A guide to building long-term compounding knowledge infrastructure. See details on GitHub .

IntraScribe

A privacy-first, on-premise-ready speech transcription and collaboration platform with real-time ASR, speaker diarization, batch transcription and AI summarization.

Overview

IntraScribe is a privacy-first, on-premise-capable speech transcription and collaboration platform designed for organizations such as enterprises, schools, and government units. It supports real-time transcription (WebRTC), speaker diarization, high-quality batch transcription, and template-driven AI summarization and title generation.

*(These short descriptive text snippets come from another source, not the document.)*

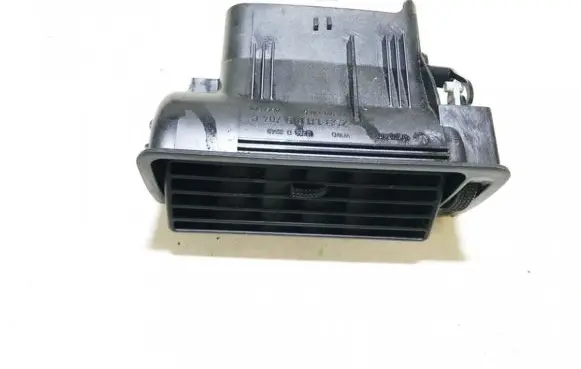 Volkswagen Golf IV Dash center air vent grill 1j1819704c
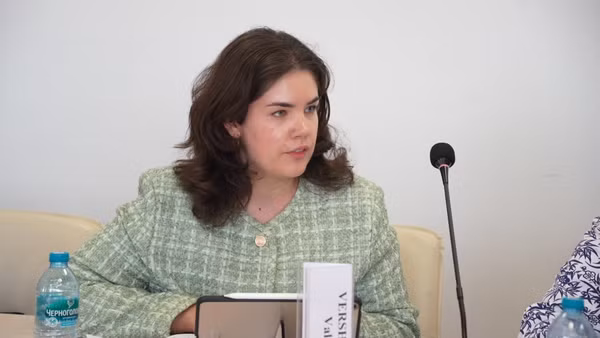 Tiến sĩ khoa học chính trị Valeria Vershinina, Phó Giám đốc Trung tâm ASEAN thuộc Học viện Quan hệ Quốc tế Moskva (MGIMO), Bộ Ngoại giao Nga.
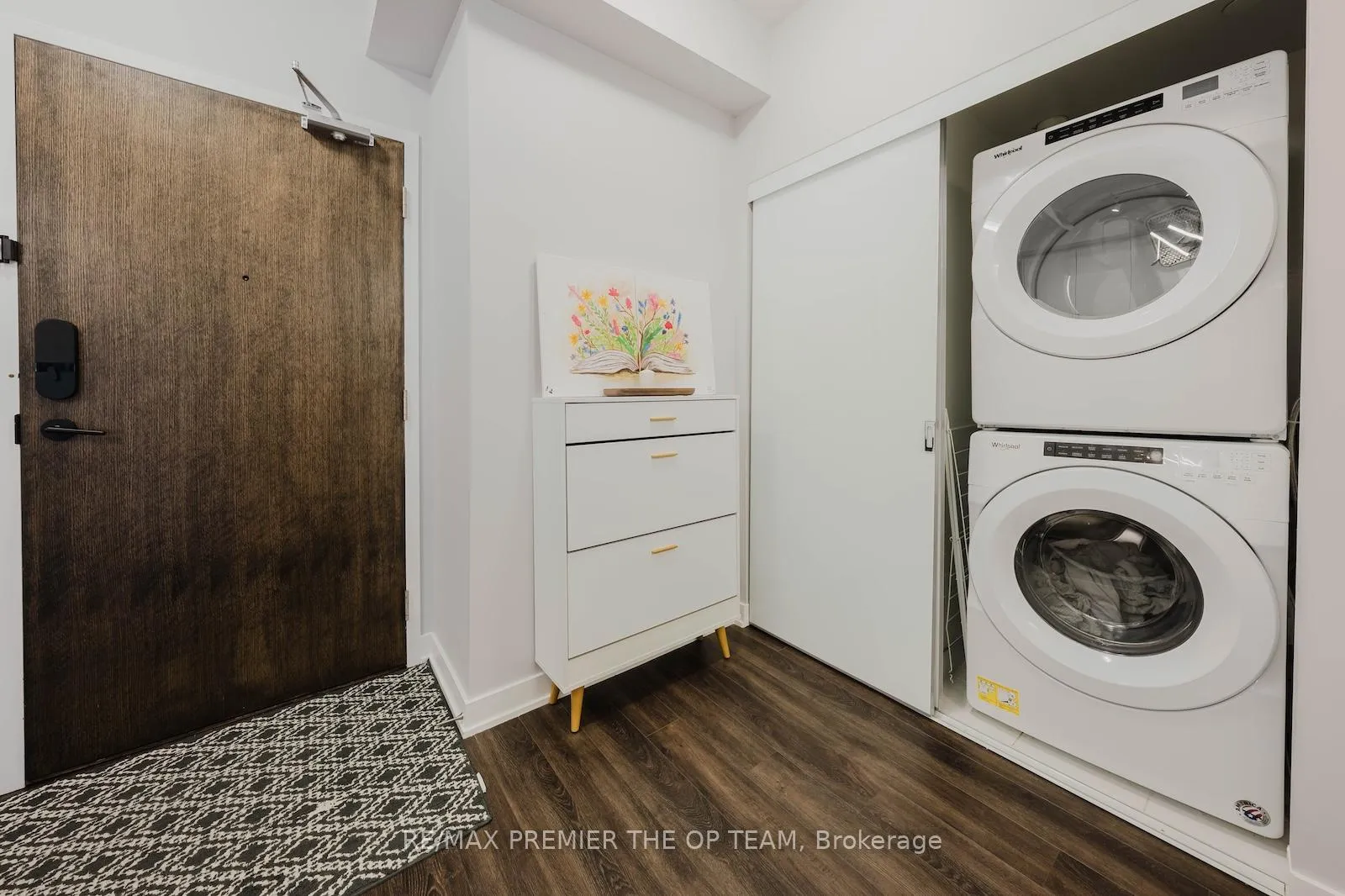 Photo 5 of Unit 707, 100 Eagle Rock Way, Vaughan, Maple — HOMEH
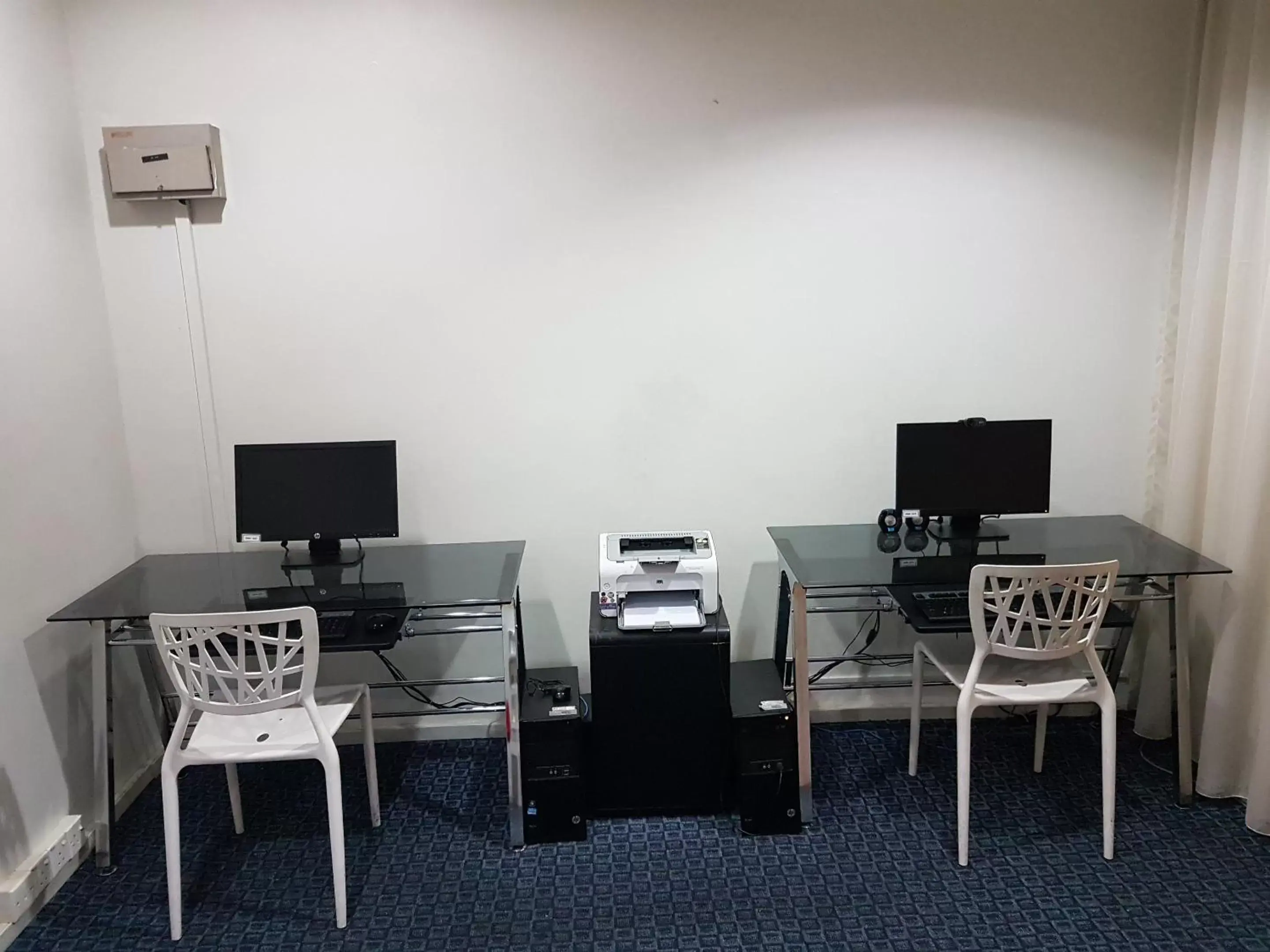 Business facilities, TV/Entertainment Center in Hotel Armada Petaling Jaya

The system emphasizes modular frontends, microservice-based backends, and keeping data within private networks to meet compliance requirements.

Key Features

  • Privacy and on-premise deployment: can be deployed in air-gapped or internal networks to prevent data exfiltration.
  • Real-time ASR with low latency: WebRTC-based capture and SSE/streaming of transcription segments.
  • Speaker diarization and editable transcripts: diarization via pyannote.audio with frontend editing and renaming support.
  • High-quality batch re-transcription: post-session processing to improve accuracy and produce structured transcripts.
  • Template-driven AI summarization: integrates LiteLLM to generate structured Markdown summaries and concise titles.

Use Cases

  • Meeting minutes and knowledge capture for organizations requiring internal-only deployments and auditability.
  • Classroom and seminar transcription with multi-speaker annotation and editing.
  • Sensitive environments such as command centers or production sites where latency and privacy are critical.

Technical Highlights

  • Frontend: Next.js (App Router) + React + TypeScript, with WebRTC integration.
  • Backend: microservices built with FastAPI (Python), including STT, diarization and agent services; supports GPU-accelerated models.
  • Storage and realtime: Supabase (Postgres + Auth + Storage + Realtime) for data storage and event subscriptions.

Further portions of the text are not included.